> PROMPT
What do the lines say from the start of the entries through the one containing "Adjacent to the"? Repeat them exactly.

> DATA EXTRACTS
________________________________________

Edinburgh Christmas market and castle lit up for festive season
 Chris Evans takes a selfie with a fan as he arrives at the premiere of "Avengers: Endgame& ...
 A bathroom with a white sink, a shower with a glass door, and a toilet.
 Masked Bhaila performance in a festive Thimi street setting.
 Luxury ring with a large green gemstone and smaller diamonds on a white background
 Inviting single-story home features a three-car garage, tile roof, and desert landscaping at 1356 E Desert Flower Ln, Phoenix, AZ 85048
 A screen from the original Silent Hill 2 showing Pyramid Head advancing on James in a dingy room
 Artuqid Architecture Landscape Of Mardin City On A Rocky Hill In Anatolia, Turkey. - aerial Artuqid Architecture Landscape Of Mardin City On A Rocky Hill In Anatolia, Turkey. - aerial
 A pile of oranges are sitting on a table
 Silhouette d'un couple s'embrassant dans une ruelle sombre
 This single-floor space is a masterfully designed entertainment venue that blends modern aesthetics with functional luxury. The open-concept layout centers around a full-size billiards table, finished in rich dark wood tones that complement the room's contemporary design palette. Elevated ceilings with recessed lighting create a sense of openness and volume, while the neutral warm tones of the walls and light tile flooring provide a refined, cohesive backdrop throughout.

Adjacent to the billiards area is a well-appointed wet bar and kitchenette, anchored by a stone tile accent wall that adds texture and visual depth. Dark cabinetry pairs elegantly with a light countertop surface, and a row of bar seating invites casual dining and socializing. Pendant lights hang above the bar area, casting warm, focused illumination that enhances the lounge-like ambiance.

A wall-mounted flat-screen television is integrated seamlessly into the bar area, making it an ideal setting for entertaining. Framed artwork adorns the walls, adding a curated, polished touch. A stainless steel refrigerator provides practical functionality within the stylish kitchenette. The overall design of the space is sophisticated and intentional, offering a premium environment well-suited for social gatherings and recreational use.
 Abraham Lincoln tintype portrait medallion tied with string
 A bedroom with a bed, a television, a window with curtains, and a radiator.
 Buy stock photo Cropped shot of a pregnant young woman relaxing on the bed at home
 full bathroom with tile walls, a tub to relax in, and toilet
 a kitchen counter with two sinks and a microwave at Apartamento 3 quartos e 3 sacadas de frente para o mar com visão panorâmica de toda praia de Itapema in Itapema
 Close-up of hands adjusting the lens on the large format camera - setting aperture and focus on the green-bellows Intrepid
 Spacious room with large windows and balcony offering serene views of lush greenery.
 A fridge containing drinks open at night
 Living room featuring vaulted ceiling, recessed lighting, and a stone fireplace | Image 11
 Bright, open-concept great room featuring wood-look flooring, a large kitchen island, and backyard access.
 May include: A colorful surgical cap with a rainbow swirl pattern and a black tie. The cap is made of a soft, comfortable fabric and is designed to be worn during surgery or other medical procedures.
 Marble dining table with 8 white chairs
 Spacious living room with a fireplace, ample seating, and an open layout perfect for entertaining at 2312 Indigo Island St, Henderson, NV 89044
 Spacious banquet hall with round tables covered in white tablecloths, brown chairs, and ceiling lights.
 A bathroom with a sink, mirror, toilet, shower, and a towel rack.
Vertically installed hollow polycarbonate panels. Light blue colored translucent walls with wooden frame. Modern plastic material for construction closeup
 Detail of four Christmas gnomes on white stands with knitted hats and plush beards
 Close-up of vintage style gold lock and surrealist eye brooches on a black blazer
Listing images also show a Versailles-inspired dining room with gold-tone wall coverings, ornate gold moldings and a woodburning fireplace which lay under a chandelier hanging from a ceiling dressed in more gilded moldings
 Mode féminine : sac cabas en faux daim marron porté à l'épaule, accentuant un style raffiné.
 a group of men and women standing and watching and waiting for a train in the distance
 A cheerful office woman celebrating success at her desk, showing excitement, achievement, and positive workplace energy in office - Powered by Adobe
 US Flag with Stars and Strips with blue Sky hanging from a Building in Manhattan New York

________________________________________

> ANSWER AREA
Edinburgh Christmas market and castle lit up for festive season
 Chris Evans takes a selfie with a fan as he arrives at the premiere of "Avengers: Endgame& ...
 A bathroom with a white sink, a shower with a glass door, and a toilet.
 Masked Bhaila performance in a festive Thimi street setting.
 Luxury ring with a large green gemstone and smaller diamonds on a white background
 Inviting single-story home features a three-car garage, tile roof, and desert landscaping at 1356 E Desert Flower Ln, Phoenix, AZ 85048
 A screen from the original Silent Hill 2 showing Pyramid Head advancing on James in a dingy room
 Artuqid Architecture Landscape Of Mardin City On A Rocky Hill In Anatolia, Turkey. - aerial Artuqid Architecture Landscape Of Mardin City On A Rocky Hill In Anatolia, Turkey. - aerial
 A pile of oranges are sitting on a table
 Silhouette d'un couple s'embrassant dans une ruelle sombre
 This single-floor space is a masterfully designed entertainment venue that blends modern aesthetics with functional luxury. The open-concept layout centers around a full-size billiards table, finished in rich dark wood tones that complement the room's contemporary design palette. Elevated ceilings with recessed lighting create a sense of openness and volume, while the neutral warm tones of the walls and light tile flooring provide a refined, cohesive backdrop throughout.

Adjacent to the billiards area is a well-appointed wet bar and kitchenette, anchored by a stone tile accent wall that adds texture and visual depth. Dark cabinetry pairs elegantly with a light countertop surface, and a row of bar seating invites casual dining and socializing. Pendant lights hang above the bar area, casting warm, focused illumination that enhances the lounge-like ambiance.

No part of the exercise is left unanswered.